Perempuan berusia 40-an itu bernama Yati. Memakai baju biru dan kerudung senada, dia dan 7 orang teman seusia bergegas memasuki halaman Sekolah Tinggi Ilmu Ekonomi Ekuitas (STIE) jalan Surapati Bandung. Nampak menyolok diantara mahasiswa/i yang lalu lalang di sekitar kampus. Terlebih jika mengetahui tujuan kedatangan mereka, “Hari ini saya mau kuliah”, kata Yati dengan wajah penuh senyum.
Ucapannya mungkin berlebihan, mengingat latar belakang mereka lulusan sekolah menengah pertama, namun ada benarnya. Secara periodik, STIE Ekuitas menyelenggarakan program layanan masyarakat. Salah satunya bersama koperasi bank sampah Motekar, tempat Yati bernaung, perguruan tinggi tersebut memberikan pelatihan membuat pembukuan dan laporan keuangan dengan benar. Selain itu juga ada sesi pengenalan internet , para anggota komunitas belajar membuat email, akun media sosial dan tata tertib penggunaannya, agar tidak mengalami kendala ketika berkecimpung dalam marketing digital.
Sesi-sesi pelatihan diikuti dengan penuh semangat, karena para dosen memahami bedanya pendekatan antara mahasiswa dan ibu rumah tangga.
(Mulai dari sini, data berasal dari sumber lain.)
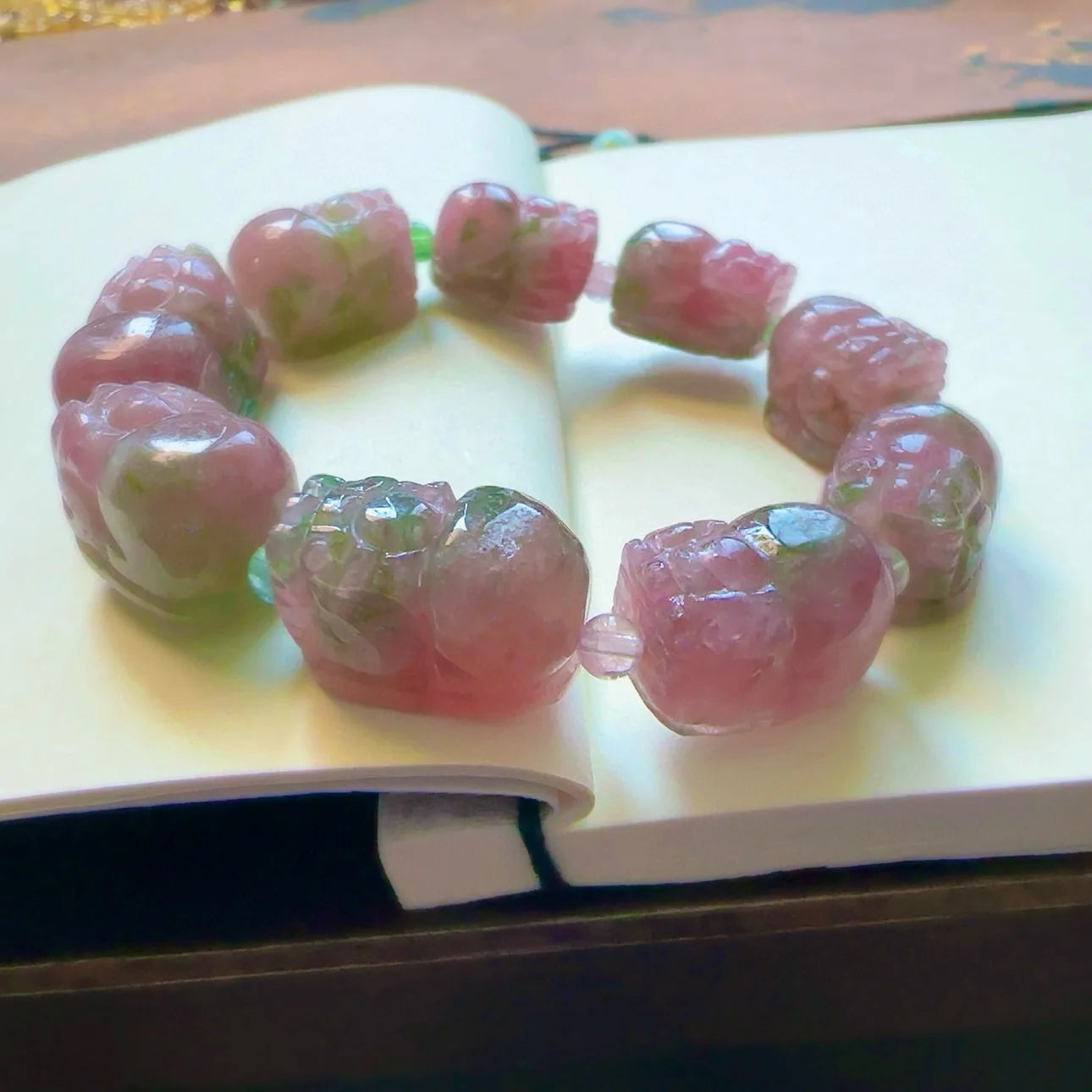 Red Watermelon Tourmaline-ToShay.org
Suasana baru berubah dari hening menjadi riuh rendah tatkala waktunya praktek. Bak busur yang diarahkan ke mangsa, Yati mengangkat lengan kanannya setinggi 20 cm, sementara pandangannya menelusuri abjad abjad yang harus dipencet sesuai arahan dosen. Begitu huruf yang dicari berhasil ditemukan maka seolah menerkam buruan, telunjuk pun meluncur menuju tuts. Derai tertawa tak terelakan, tak henti-hentinya terdengar.
Setelah melalui pertimbangan yang masak, barulah komunitas membentuk bank sampah pada tahun 2013. Banyak perbedaan yang dilakukan bank sampah Motekar dengan bank sampah pada umumnya, diantaranya tidak memproses sampah anorganik yang disetor anggota. Karena hal itu sudah dilakukan para pengepul yang berdomisili di sekitar komunitas, sehingga dikhawatirkan akan terjadi persaingan tidak sehat. Bank sampah Motekar fokus mengelola uang hasil penjualan sampah anorganik dan menjadikan pengepul sebagai mitra yang saling menguntungkan.
Karena bank sampah Motekar dibangun oleh anggota, dari anggota dan untuk anggota, maka sangat dinamis dan fleksibel. Para anggota mengusulkan agar tabungan bank sampah sebaiknya disimpan pinjamkan sesuai kebutuhan yang bisa terjadi kapan saja. Contoh kasus ada anggota yang membutuhkan modal untuk berjualan kolak dan es buah di bulan Ramadan. Tentunya sang pemilik dana akan kehilangan momentum jika baru menerima uang di akhir tahun.
Maka 3 bulan setelah bank sampah mulai beroperasi, diputuskanlah pembentukan koperasi simpan pinjam untuk mengelola setiap rupiah yang masuk. Koperasi yang diberi nama koperasi bank sampah Motekar dengan segera diminati masyarakat setempat karena hanya dengan menyetorkan sampah anorganik, mereka bisa meminjam sejumlah dana. Tentunya sesuai syarat dan ketentuan yang berlaku.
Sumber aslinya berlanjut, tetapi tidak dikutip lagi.